While designing Cloudgenda, a digital platform for organizations to easily manage their daily business operations, there was a functional need that sprung out after talking with customers: sending emails to users from within the application.

But that wasn’t the whole story. The application should also persist email activity statuses from whichever third-party email provider (i.e., SendGrid, Postmark, Amazon Simple Email Service, etc.) that supports tracking activity statuses.

An activity status pertaining to an email helps us to answer the following questions:

  • Was the email dispatched?
  • Was the email opened? If so, when?
  • Were any links inside the email clicked?
  • Was the email bounced?

For example, an administrator that logs in to their Cloudgenda account can easily view the activities pertaining to an email sent to a user or a group of users.

When you think about it, sending an email is pretty much like posting a letter to the mailbox. It’s a fire-and-forget, asynchronous process. You send it and assume that all will go well after that point. But what if we can receive some kind of response to as where the email is in its digital adventure? That would help us to answer quite a few important questions: Did my user received the email? How did the user interacted with my email?

The Proposed Solution

Solving this problem isn’t too complex. You mix a few message queues with a spoonful of background services and a pinch of an API (more specifically a webhook), and you’re pretty much done.
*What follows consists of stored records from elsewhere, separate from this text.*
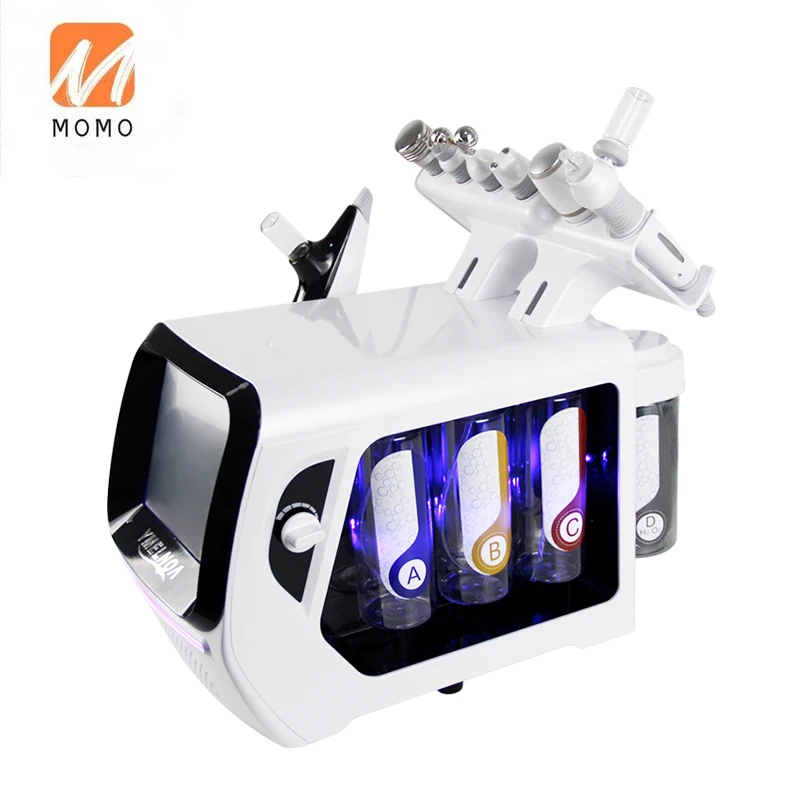 Beste Zuurstof Jet Huid Verjonging Facial Gezicht Massager Vibrerende Ultrasone Gezicht Huid Scrubber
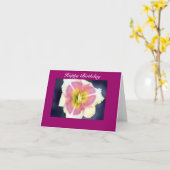 ハッピーバースデー カード (黄色い花)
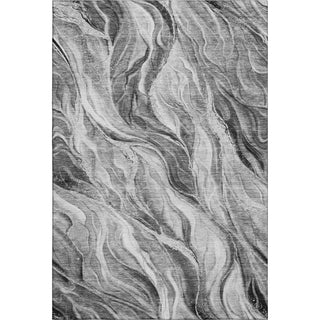 Piper Looms Mayfield Waves AMF720 Gray Machine Washable Area Rug main image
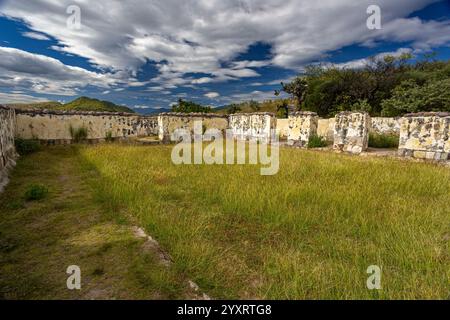 Site archéologique de Yagul. Oaxaca, Mexique Banque D'Images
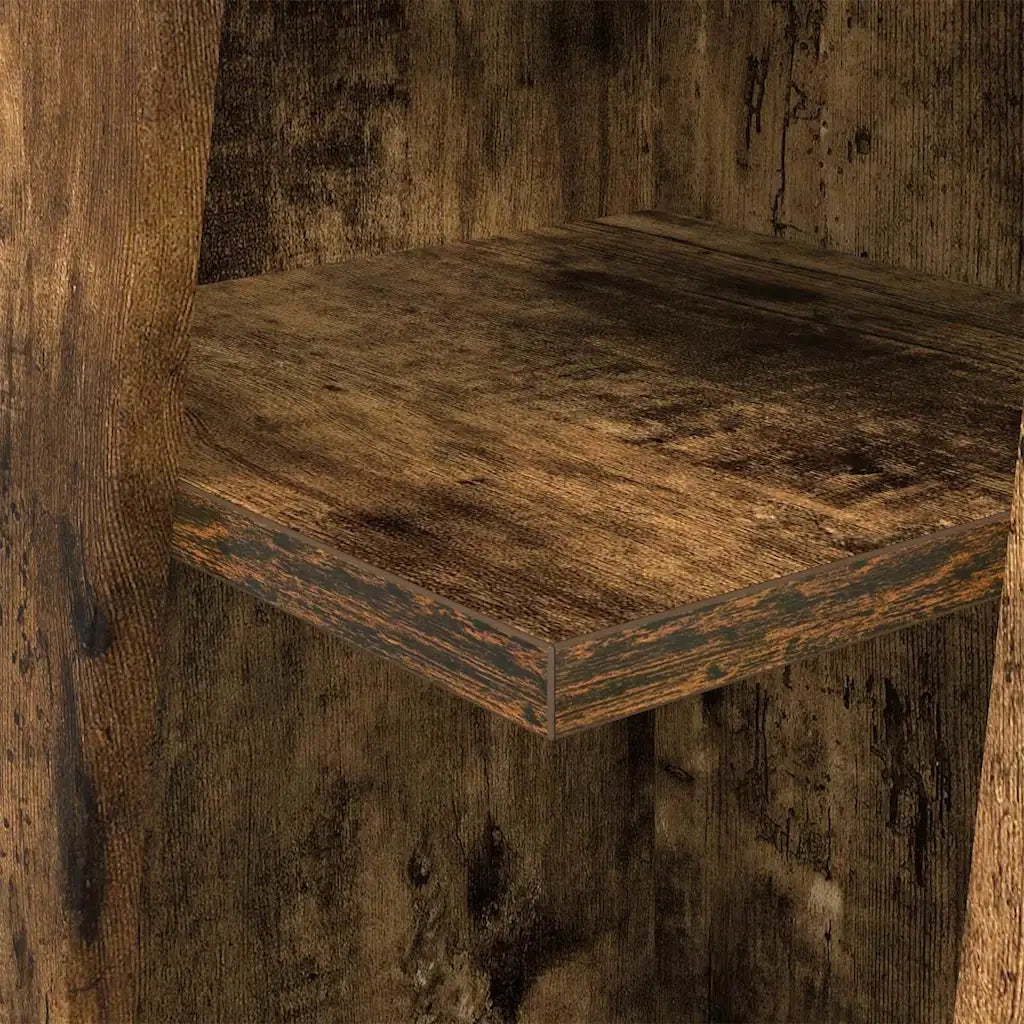 Mobile angolare Rovere fumé 27,5x27x102cm Legno multistrato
The proposed solution is shown in the following diagram:

Architecture diagram to dispatch and track emails in a distributed way.

The object in green is the database and it can be any kind of persistent technology (a relational database such as PostgreSQL or a document-oriented database like MongoDB would be ideal for this scenario).

The object in purple represents a third-party email service provider. One of the requirements for the chosen provider is that it should support tracking mail activities/statuses by providing it a webhook URL of our own. This is pretty much the Hollywood principle in action: Don’t call us, we’ll call you.

The objects in orange represent message queues. In my case, I’m using RabbitMQ both locally for development purposes and on the cloud for the production environment. It’d be best that each queue provides a FIFO mechanism for the input/output of messages. You can also choose another technology for these: Azure Queue Storage, AWS SQS, or even Kafka if you have the time and a need for it. Regardless, there are three queues in action here:

  1. A Mailbox queue which acts as a drop box for mail messages. Think of it as a real mailbox on your street. It’s pretty much the same concept. You drop a mail message on it, and you continue living your beautiful life.
  2. A Dispatching queue which is used to store mail messages that will be eventually dispatched by another component (an Email Dispatcher).
  3. A Tracking queue which is used to store messages related to mail activities. A mail activity is mostly a status change associated with a mail message that is brought to our attention by the third-party email provider.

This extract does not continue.